The Division I Council on Monday voted to allow schools to provide Spring student-athletes an additional season of competition.

Some major news is coming from the NCAA. 

Today, the committee voted on allowing Spring athletes an additional year of eligibility due to their season being shortened by the pandemic of the COVID-19. With the most confirmed cases in the world (currently), NHL, NBA, MLS, and MLB have all suspended their seasons indefinitely; some have the hopes of returning to resume seasons in late May or June. But with the recent "stay at home" order for states such as Virginia ending June 10th, those seasons continuing at the are now in jeopardy.

The NCAA released a statement regarding their decision,

The Division I Council on Monday voted to allow schools to provide spring-sport student-athletes an additional season of competition and an extension of their period of eligibility.

Members also adjusted financial aid rules to allow teams to carry more members on scholarship to account for incoming recruits and student-athletes who had been in their last year of eligibility who decide to stay. In a nod to the financial uncertainty faced by higher education, the Council vote also provided schools with the flexibility to give students the opportunity to return for 2020-21 without requiring that athletics aid be provided at the same level awarded for 2019-20. This flexibility applies only to student-athletes who would have exhausted eligibility in 2019-20.

Schools also will have the ability to use the NCAA's Student Assistance Fund to pay for scholarships for students who take advantage of the additional eligibility flexibility in 2020-21.

It will be up to the school's discretion to offer some aid or zero, to returning athletes; they do not have to match their previous offer. This will alleviate straining scholarships for incoming athletes and those deciding to stay.
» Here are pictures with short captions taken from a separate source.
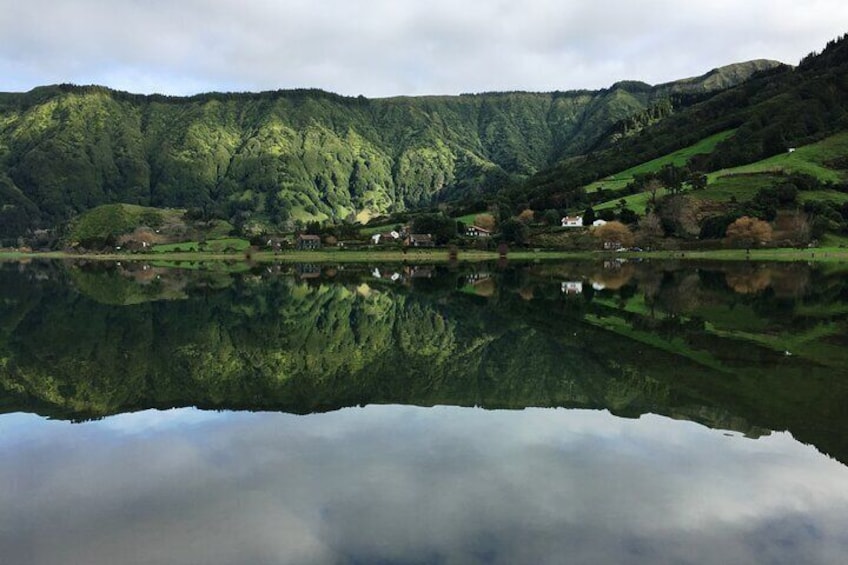 Private Half-Day 4x4Tour to Sete Cidades Volcano 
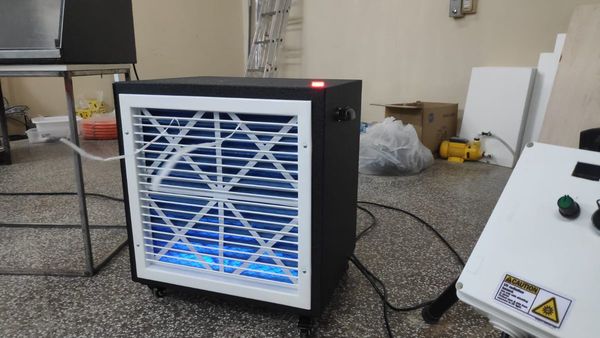Dejaron de trabajar a causa del COVID-19, ahora crean equipos de desinfección con UVC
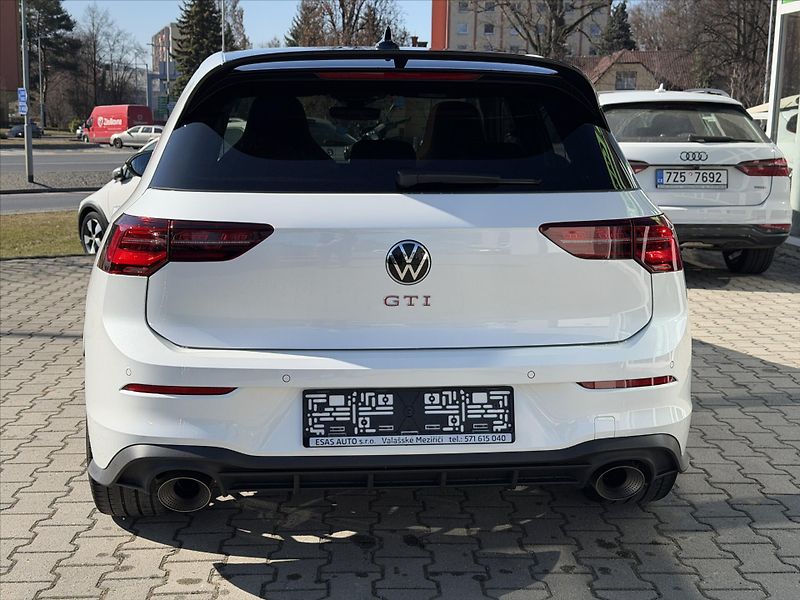 Volkswagen Golf 2,0   GTI EDICE 45 300 PS Akra - fotka 7 z 31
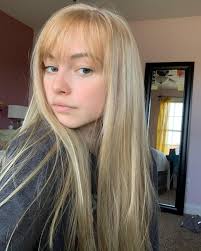 emma ! (@embangert) · Instagram 照片和视频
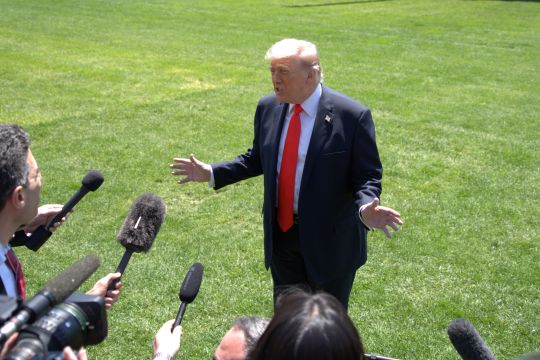 Trump: Angkatan Laut AS "rampas minyak" Iran, ini bisnis menguntungkan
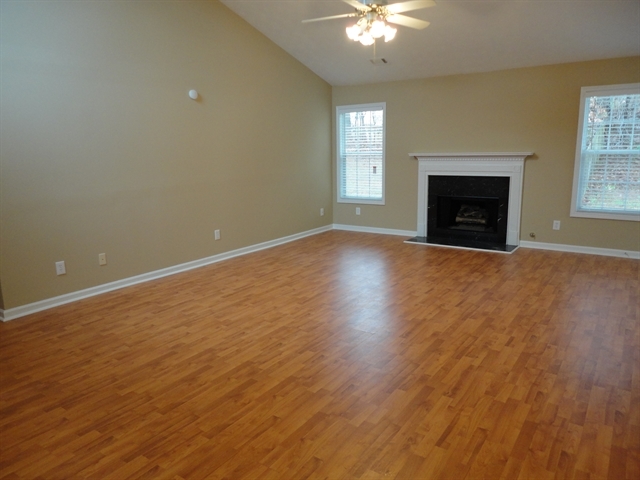 Foto del edificio - 765 Chatham Park Drive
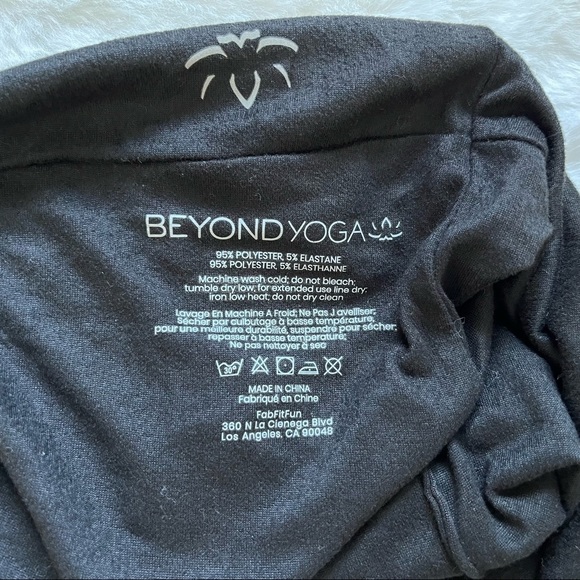 BEYOND YOGA NWT POCKET INFINITY SCARF Trendy Chic Minimalist Cozy - Picture 3 of 6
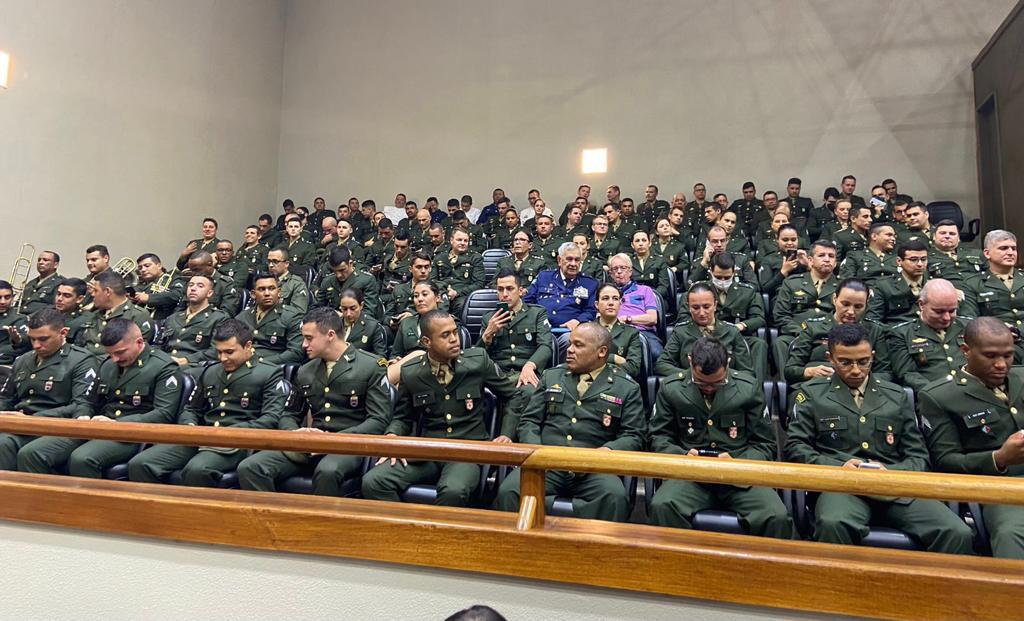 Dia do Exército Brasileiro — Câmara Municipal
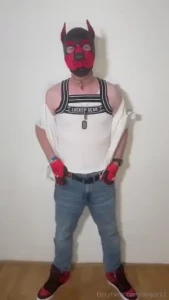 Horny message for slut this is how i welcome you and this is what you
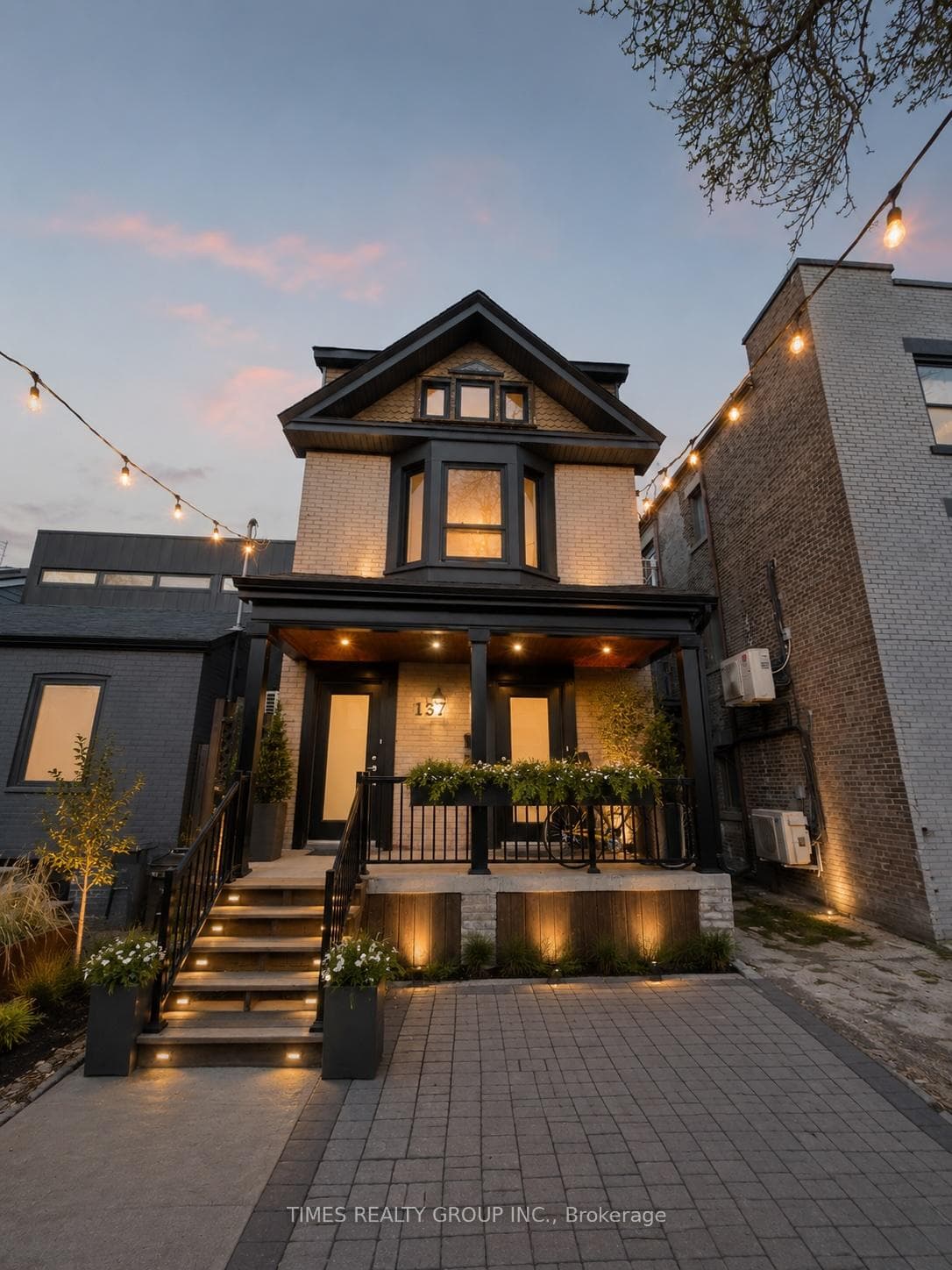 137 Curzon Street Unit 3, Toronto E01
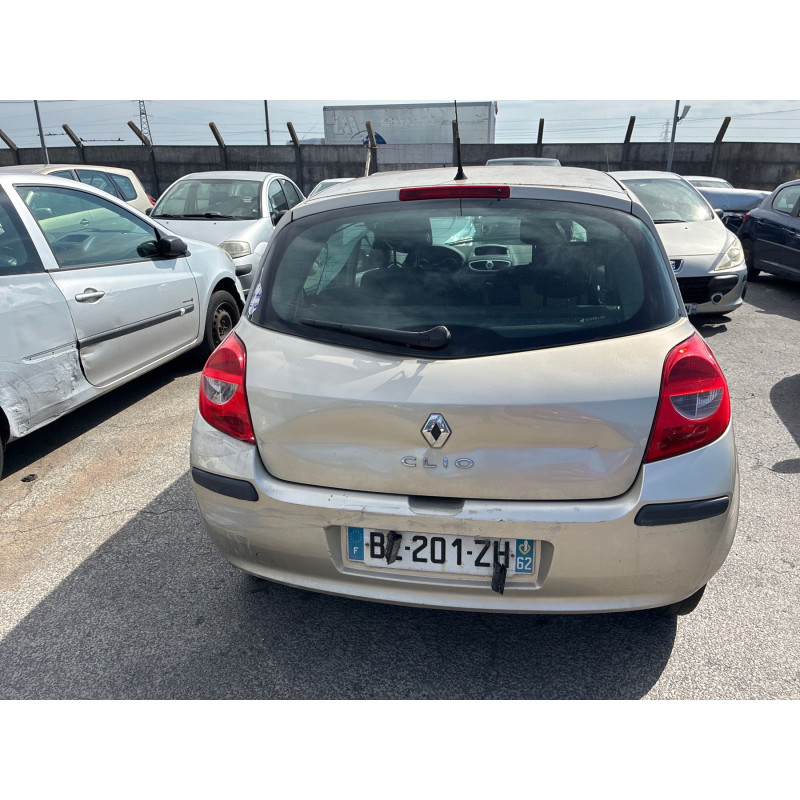 Feu arriere principal droit (feux) RENAULT CLIO 3 Photo n°13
The decision does not include athletes of winter sports such as basketball. The NCAA concluded that all or much of their season was already completed. There will be no winner for the NCAA Men and Women 2019-2020 basketball season.

"The Council's decision gives individual schools the flexibility to make decisions at a campus level," said Council chair M. Grace Calhoun, athletics director at Penn. "The Board of Governors encouraged conferences and schools to take action in the best interest of student-athletes and their communities, and now schools have the opportunity to do that."